O que a pousada deve fazer em 2026
Cinco orientações práticas, todas dentro do que dá para sustentar hoje:
- Consulte diretamente o Ministério do Turismo antes de qualquer decisão. Se você pretende buscar classificação oficial, pergunte ao órgão qual é o procedimento vigente — e guarde a resposta por escrito. É a única forma de ter informação atual e atribuível.
- Mantenha o Cadastur regular. Esse cadastro continua obrigatório para meios de hospedagem, é gratuito e destrava o acesso à Plataforma FNRH Digital. Independe do status da classificação e é o que de fato é exigido de você hoje.
- Não anuncie selo, estrela ou categoria oficial sem documento vigente que sustente a afirmação. Se você teve classificação no passado, verifique a validade antes de continuar exibindo — certificado vencido não é comprovação atual.
- Diferencie, na sua comunicação, classificação oficial de avaliação de plataforma. Nota no Booking.com ou em qualquer OTA é avaliação privada. Se quiser destacá-la, cite a plataforma pelo nome, sem sugerir chancela do governo.
- Preserve comprovantes e comunicações oficiais. Certificados antigos, protocolos, e-mails e respostas de órgãos públicos. Se a regulamentação for retomada, esse histórico é o que sustenta a sua posição.
Se a sua dúvida é sobre o que realmente é obrigatório hoje, o ponto de partida não é a classificação e sim o cadastro: veja o guia do Cadastur para pousadas.
E para entender o que o Cadastur regular destrava na prática — quem gera a chave, como funciona o envio e o que a norma exige —, o material de referência é o guia completo da FNRH Digital para pousadas.
Este artigo é informativo e não substitui orientação jurídica. Para uma situação concreta — especialmente se a sua pousada já exibe classificação —, consulte um profissional e o próprio Ministério do Turismo.
Perguntas frequentes sobre o SBClass em 2026
O SBClass acabou?
Não localizamos ato oficial declarando o encerramento do sistema, e por isso não afirmamos isso. O que está documentado é que a Lei nº 14.978/2024 revogou o parágrafo único do art. 25 da Lei Geral do Turismo, que era o dispositivo da chancela oficial, e que até julho de 2026 não foi possível confirmar um processo operacional vigente de solicitação nos canais oficiais.
Posso usar estrelas na divulgação da minha pousada?
Não afirmamos que o uso de estrelas seja proibido — essa é uma questão jurídica que depende do caso concreto e de norma que não conseguimos confirmar como vigente.
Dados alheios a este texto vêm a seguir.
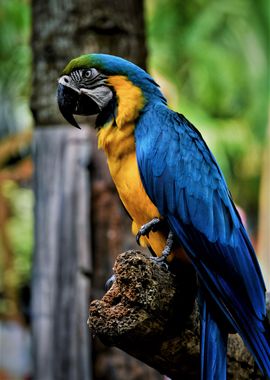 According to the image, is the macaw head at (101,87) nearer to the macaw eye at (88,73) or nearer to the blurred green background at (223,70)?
the macaw eye at (88,73)

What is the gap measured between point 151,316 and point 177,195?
0.34m

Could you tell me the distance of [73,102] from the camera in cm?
182

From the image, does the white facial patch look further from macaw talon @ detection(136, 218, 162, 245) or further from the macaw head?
macaw talon @ detection(136, 218, 162, 245)

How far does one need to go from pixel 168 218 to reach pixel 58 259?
3.92 ft

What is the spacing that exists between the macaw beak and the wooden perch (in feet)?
1.57

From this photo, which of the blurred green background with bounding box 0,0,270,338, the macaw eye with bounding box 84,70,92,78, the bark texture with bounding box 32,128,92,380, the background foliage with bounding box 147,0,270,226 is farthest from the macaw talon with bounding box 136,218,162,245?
the background foliage with bounding box 147,0,270,226

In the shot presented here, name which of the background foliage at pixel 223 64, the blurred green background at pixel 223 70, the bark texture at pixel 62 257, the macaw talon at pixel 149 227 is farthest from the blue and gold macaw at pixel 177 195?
the background foliage at pixel 223 64

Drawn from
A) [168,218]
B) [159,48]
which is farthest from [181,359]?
[159,48]

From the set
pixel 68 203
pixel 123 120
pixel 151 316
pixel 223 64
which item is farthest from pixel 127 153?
pixel 223 64

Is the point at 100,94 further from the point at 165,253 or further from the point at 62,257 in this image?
the point at 62,257

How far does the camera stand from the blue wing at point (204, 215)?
5.26 ft

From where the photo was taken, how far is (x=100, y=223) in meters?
2.85

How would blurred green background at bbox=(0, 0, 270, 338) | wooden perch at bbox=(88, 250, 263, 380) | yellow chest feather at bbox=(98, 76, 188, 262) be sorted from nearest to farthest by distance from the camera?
wooden perch at bbox=(88, 250, 263, 380), yellow chest feather at bbox=(98, 76, 188, 262), blurred green background at bbox=(0, 0, 270, 338)

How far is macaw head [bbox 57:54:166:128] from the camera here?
1.79 m
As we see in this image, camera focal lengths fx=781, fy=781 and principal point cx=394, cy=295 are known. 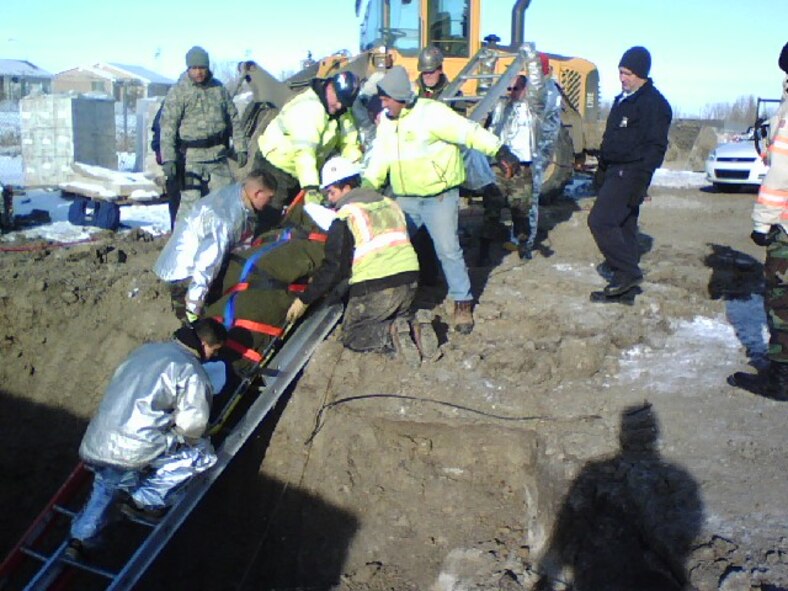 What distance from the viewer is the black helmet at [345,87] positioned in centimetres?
573

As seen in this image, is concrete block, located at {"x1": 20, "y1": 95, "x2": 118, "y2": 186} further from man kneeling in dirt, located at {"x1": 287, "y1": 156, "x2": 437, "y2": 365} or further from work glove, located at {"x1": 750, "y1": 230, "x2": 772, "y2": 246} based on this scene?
work glove, located at {"x1": 750, "y1": 230, "x2": 772, "y2": 246}

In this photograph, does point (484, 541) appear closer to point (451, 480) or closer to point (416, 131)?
point (451, 480)

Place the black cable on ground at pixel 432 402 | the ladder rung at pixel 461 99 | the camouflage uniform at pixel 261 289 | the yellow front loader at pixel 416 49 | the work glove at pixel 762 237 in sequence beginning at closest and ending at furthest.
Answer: the work glove at pixel 762 237 < the black cable on ground at pixel 432 402 < the camouflage uniform at pixel 261 289 < the ladder rung at pixel 461 99 < the yellow front loader at pixel 416 49

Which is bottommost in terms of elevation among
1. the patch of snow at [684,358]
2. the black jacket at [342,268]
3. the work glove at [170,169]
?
the patch of snow at [684,358]

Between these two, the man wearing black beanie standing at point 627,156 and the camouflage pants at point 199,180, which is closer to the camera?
the man wearing black beanie standing at point 627,156

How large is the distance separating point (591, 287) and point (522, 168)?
1.54 metres

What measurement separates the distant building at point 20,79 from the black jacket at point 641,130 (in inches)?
1299

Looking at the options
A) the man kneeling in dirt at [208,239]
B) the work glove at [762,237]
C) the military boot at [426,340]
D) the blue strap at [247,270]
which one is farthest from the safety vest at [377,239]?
the work glove at [762,237]

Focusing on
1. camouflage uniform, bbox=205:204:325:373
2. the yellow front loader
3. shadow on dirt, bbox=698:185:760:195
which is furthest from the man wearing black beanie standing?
shadow on dirt, bbox=698:185:760:195

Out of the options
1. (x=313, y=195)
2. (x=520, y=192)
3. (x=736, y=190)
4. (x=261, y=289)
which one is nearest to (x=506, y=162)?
(x=313, y=195)

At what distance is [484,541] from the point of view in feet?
14.0

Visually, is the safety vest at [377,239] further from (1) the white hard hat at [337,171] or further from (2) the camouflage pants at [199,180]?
(2) the camouflage pants at [199,180]

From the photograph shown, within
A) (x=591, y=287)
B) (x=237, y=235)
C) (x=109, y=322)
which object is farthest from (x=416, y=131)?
(x=109, y=322)

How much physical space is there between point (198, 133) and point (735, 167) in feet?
31.0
O que recomendamos é objetivo: não apresente estrelas como classificação oficial do Ministério do Turismo sem documento vigente que comprove. Se o que você quer comunicar é padrão de conforto, descreva o que a pousada oferece.
A classificação por estrelas ainda está prevista em lei?
O caput do art. 25 da Lei nº 11.771/2008 e seus incisos seguem vigentes, atribuindo ao Poder Executivo a regulamentação de tipos, categorias e requisitos de classificação. O que foi revogado em 2024 foi o parágrafo único, que dava à classificação obtida o efeito de chancela oficial com selos, certificados e placas.
Preciso do Cadastur para alguma coisa relacionada a isso?
O Cadastur é obrigatório para meios de hospedagem por conta própria, independentemente de classificação. Ele é gratuito e condição para acessar a Plataforma FNRH Digital. Se você precisa priorizar uma regularização agora, é essa.
Conclusão
O SBClass foi um esforço real de padronizar a hotelaria brasileira, e conhecer o que ele propunha continua útil: a lógica de requisitos por categoria ajuda qualquer pousada a pensar o próprio padrão de entrega.
O que mudou é o terreno jurídico e prático. Com a chancela oficial revogada em 2024 e sem processo operacional confirmável em 2026, tratar a certificação como algo disponível seria repassar uma informação que não se sustenta. Enquanto não houver regulamentação nova, o caminho seguro é manter o que é exigido — o Cadastur regular — e comunicar o padrão da pousada pelo que ela realmente entrega.